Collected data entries
★ ★ ★

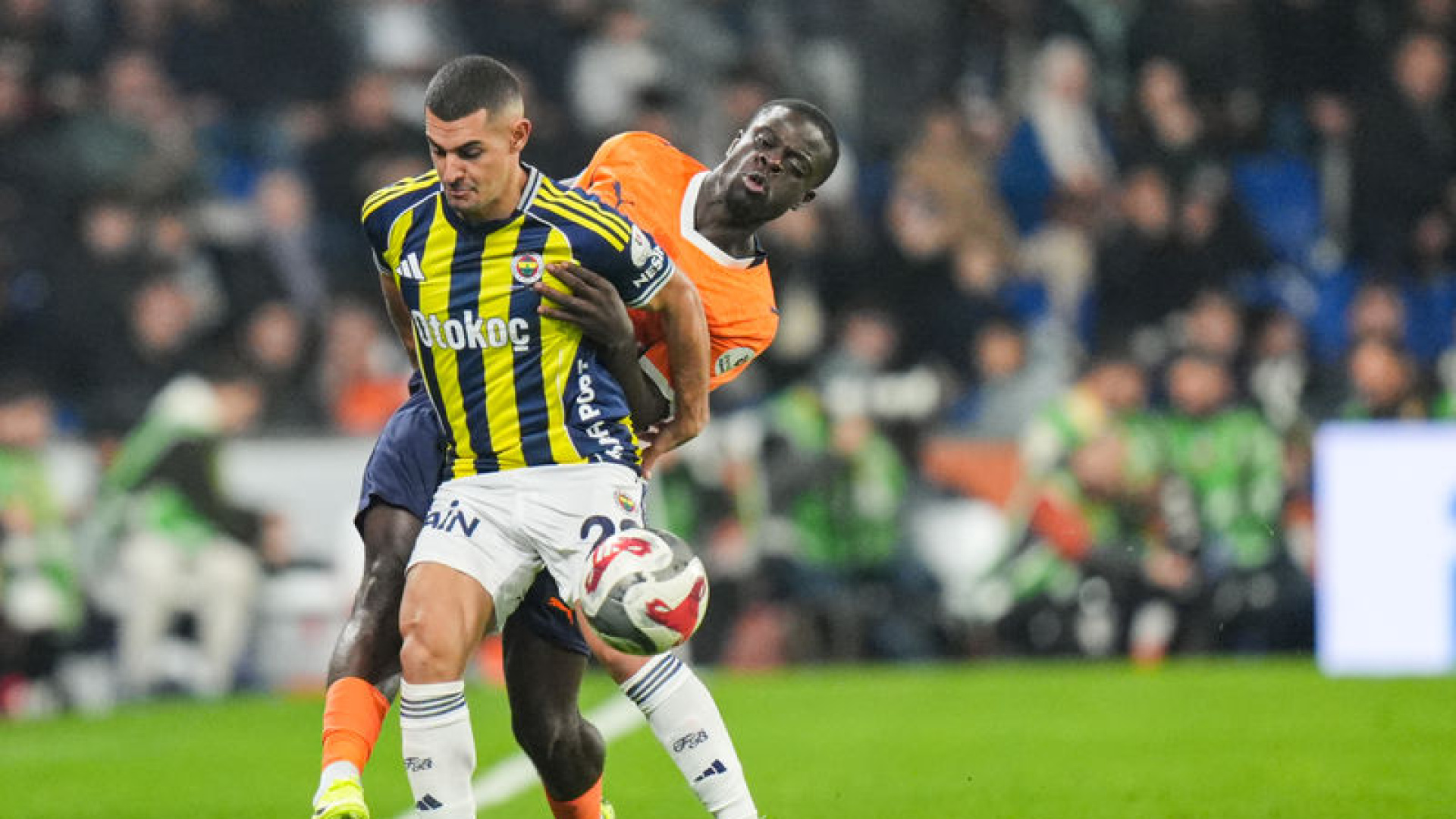 Levent Mercan: Archie Brown ile Rekabetimiz Takımı Güçlendiriyor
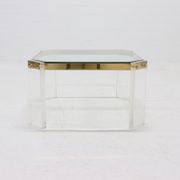 Table basse française en acrylique et verre plaqué or 1970s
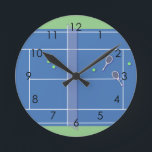 Relógio Redondo Blue Tennis Court Modern Tennis Player<br><div class="desc">Personalized classic tennis court design in blue with classic, chic, preppy & elegant tennis rackets and green tennis balls. Simple, minimalist gift for your tennis coach or tennis team. Personalized Gift for a tennis player. Blue tennis court illustration. Trendy tennis players home decor. Trendy modern tennis player gifts. Cool retro...</div>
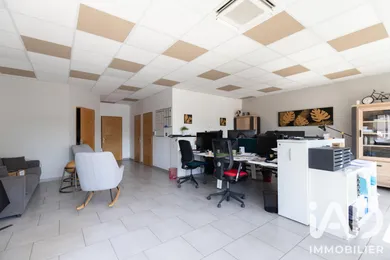 Immeuble à Saint-Martin-la-Plaine (42800)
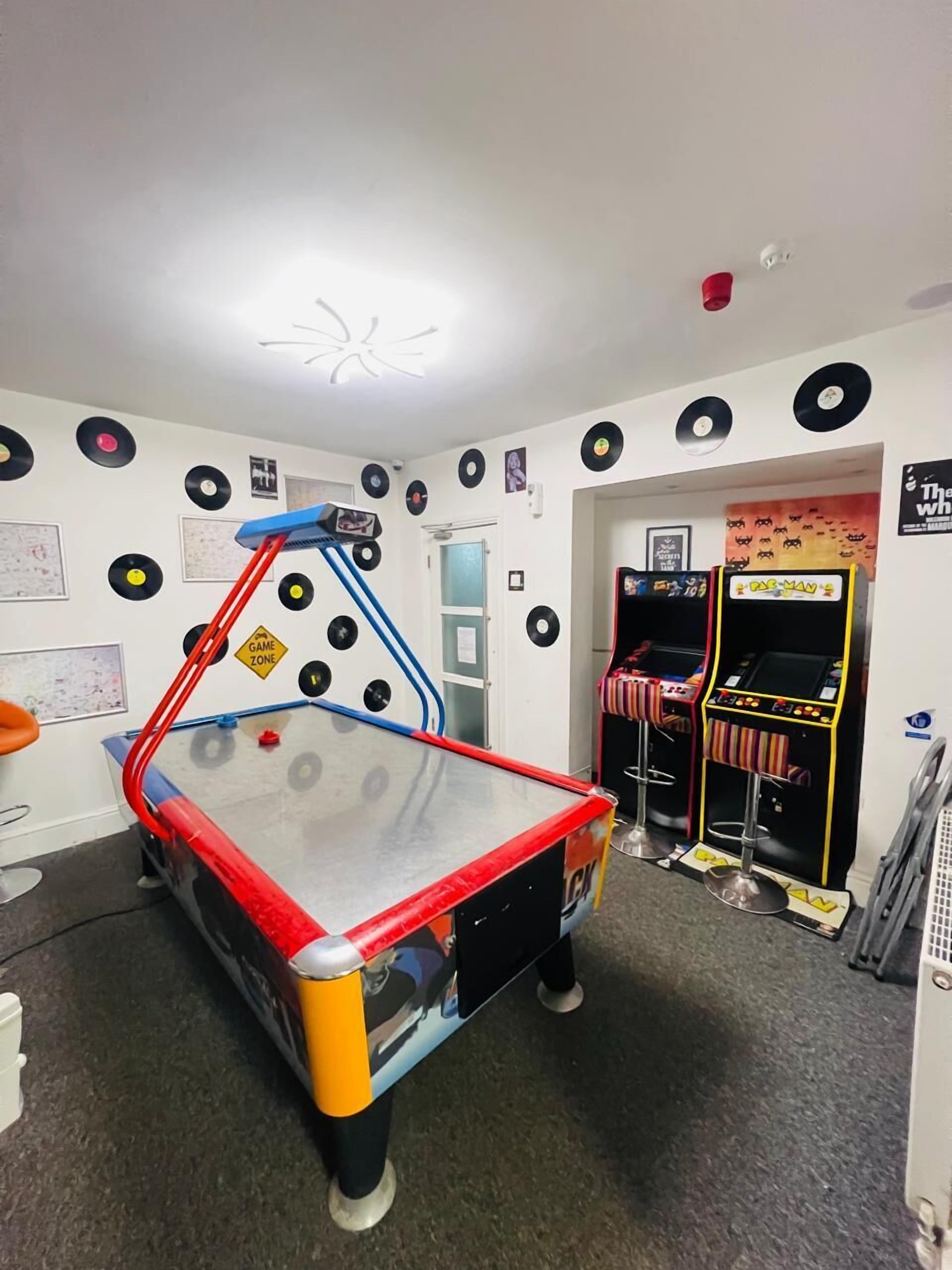 Photo - Backpackers Blackpool Hotel & Suites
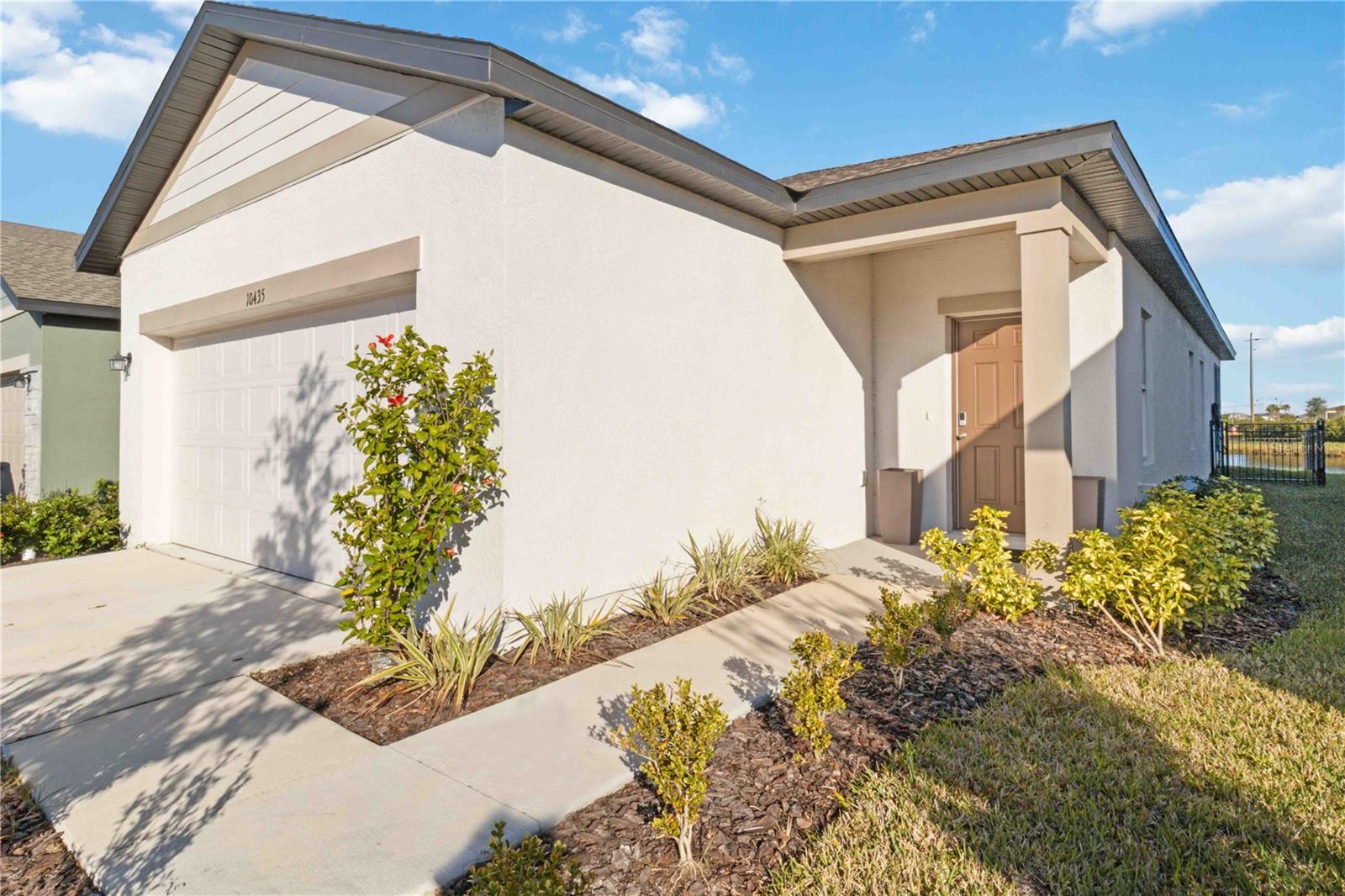 10435 LADYBUG COVE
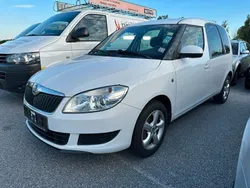 Weiß Gebraucht 2014 Skoda Roomster Ambition Kombi | 3.700 € (Guter Preis)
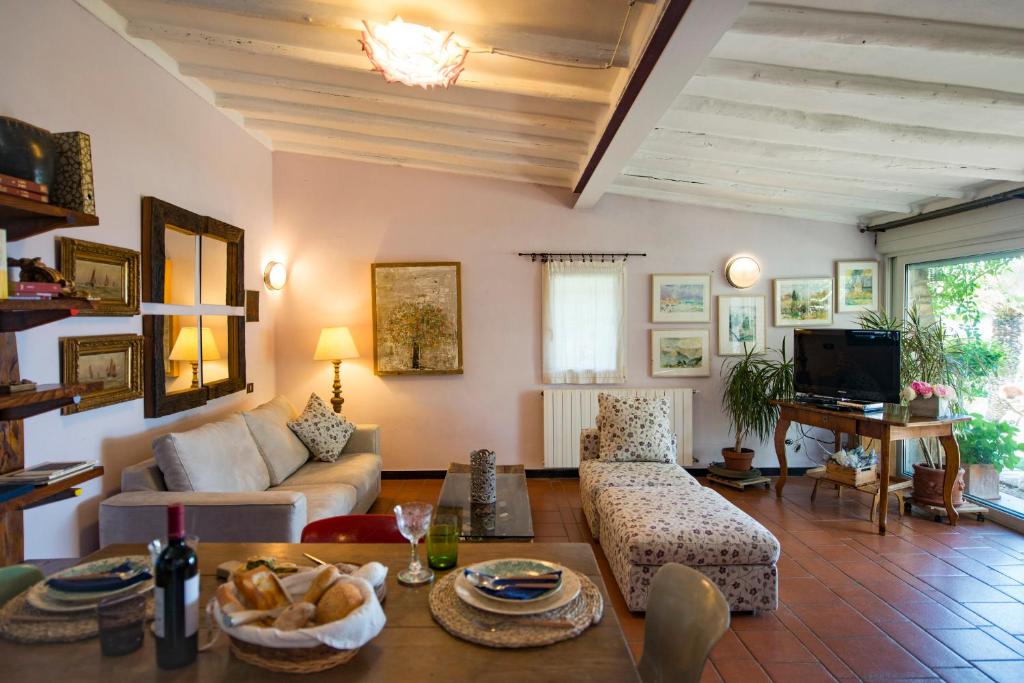 un salon avec un canapé et une table dans l'établissement Villa Annetta, à Poggi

★ ★ ★

WORK ORDER » Your task is to reproduce exactly the lines from the start of the data above through the line containing "Table basse française", leaving every picture out.

ANSWER TO THIS TASK »
 Levent Mercan: Archie Brown ile Rekabetimiz Takımı Güçlendiriyor
 Table basse française en acrylique et verre plaqué or 1970s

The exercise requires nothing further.